**TASK STATEMENT:** From the line containing "Frosted striped agate" through the last line below, copy every line exactly, leaving out the pictures.

_ _ _

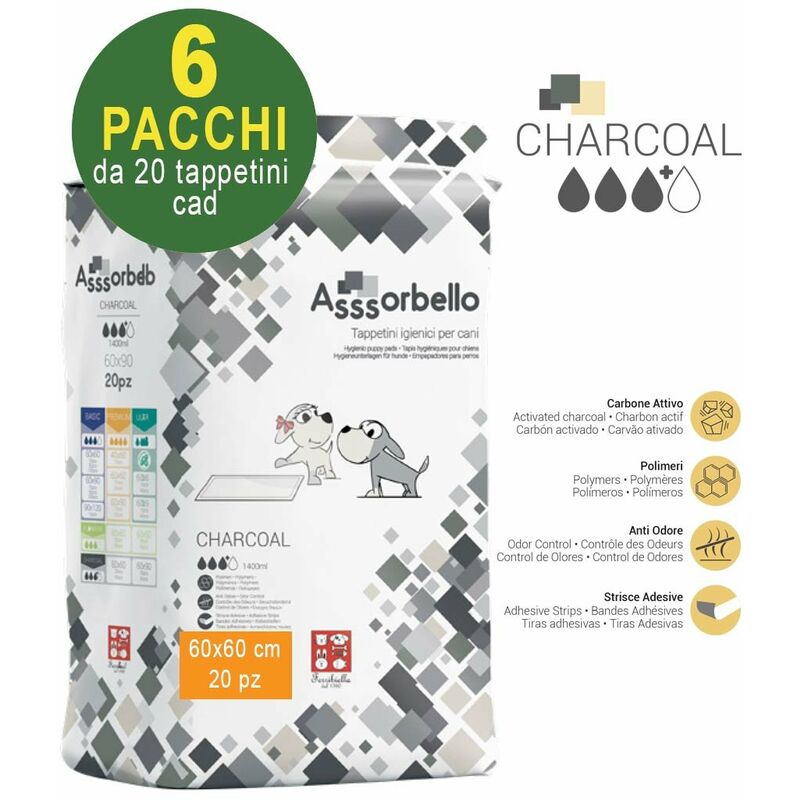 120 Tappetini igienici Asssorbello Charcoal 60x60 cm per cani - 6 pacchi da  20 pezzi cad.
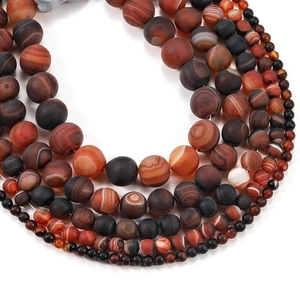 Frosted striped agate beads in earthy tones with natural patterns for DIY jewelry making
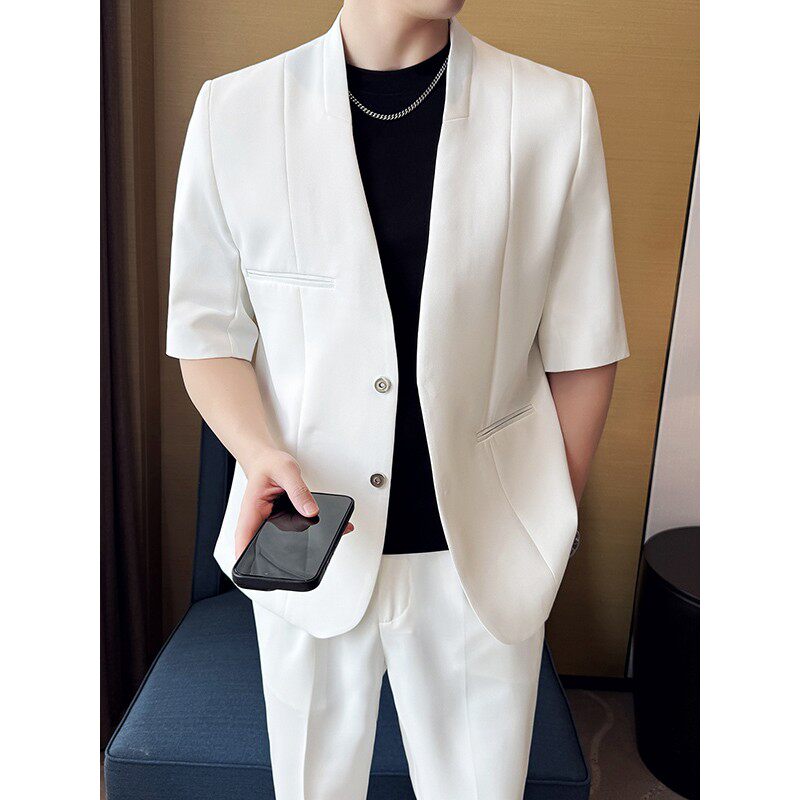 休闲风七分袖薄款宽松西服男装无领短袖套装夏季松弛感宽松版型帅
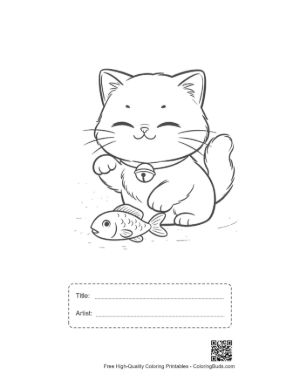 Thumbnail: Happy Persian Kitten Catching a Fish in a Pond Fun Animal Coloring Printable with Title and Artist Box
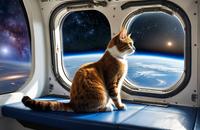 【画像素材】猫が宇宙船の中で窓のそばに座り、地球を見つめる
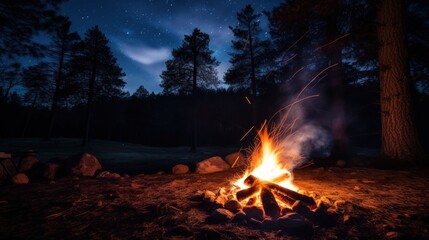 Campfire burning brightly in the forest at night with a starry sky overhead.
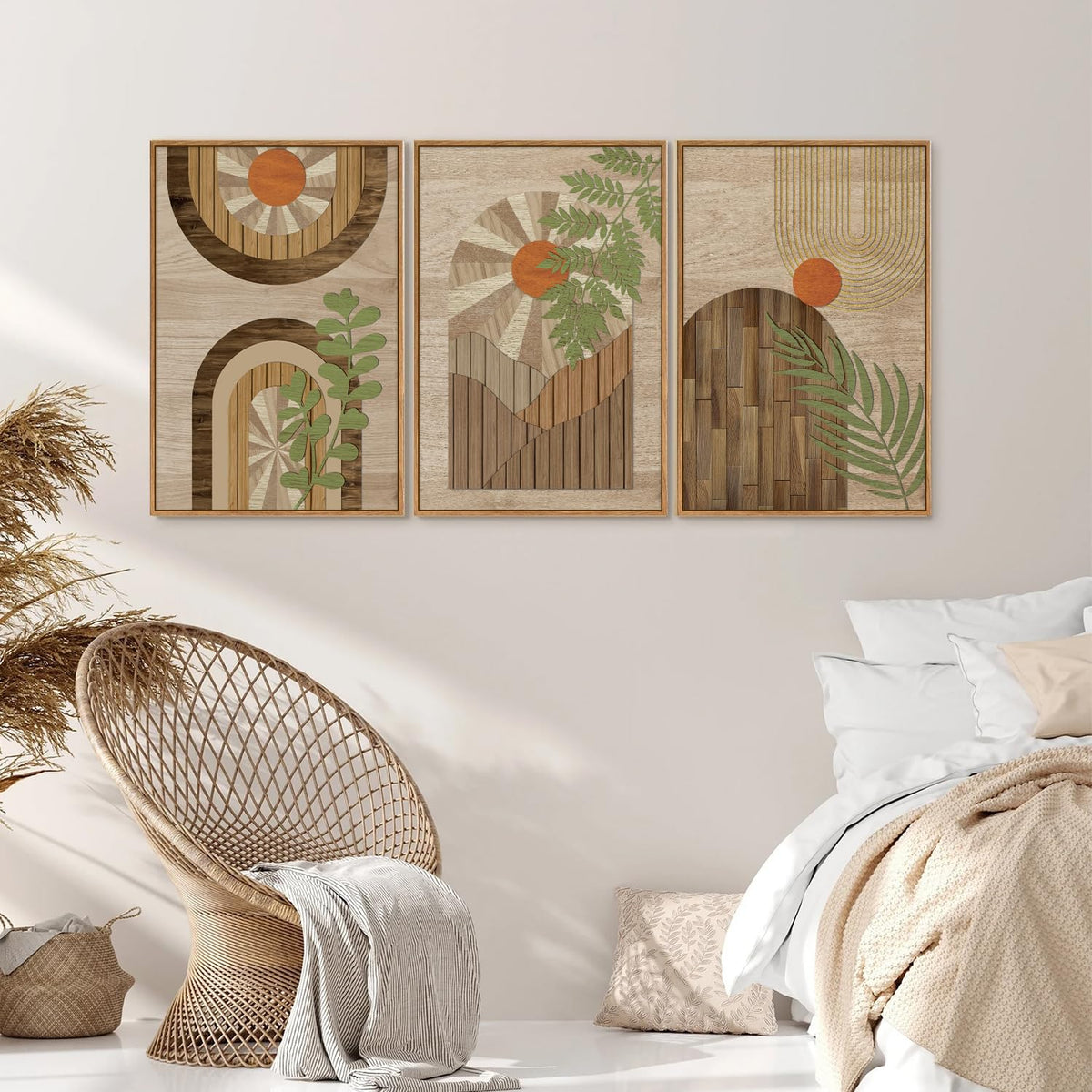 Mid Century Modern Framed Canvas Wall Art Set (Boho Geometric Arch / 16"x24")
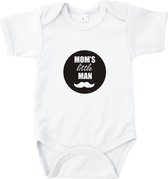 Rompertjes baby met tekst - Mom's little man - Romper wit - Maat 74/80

_ _ _

**REPLY TO THE EXERCISE:**
 Frosted striped agate beads in earthy tones with natural patterns for DIY jewelry making
 休闲风七分袖薄款宽松西服男装无领短袖套装夏季松弛感宽松版型帅
 Thumbnail: Happy Persian Kitten Catching a Fish in a Pond Fun Animal Coloring Printable with Title and Artist Box
 【画像素材】猫が宇宙船の中で窓のそばに座り、地球を見つめる
 Campfire burning brightly in the forest at night with a starry sky overhead.
 Mid Century Modern Framed Canvas Wall Art Set (Boho Geometric Arch / 16"x24")
 Rompertjes baby met tekst - Mom's little man - Romper wit - Maat 74/80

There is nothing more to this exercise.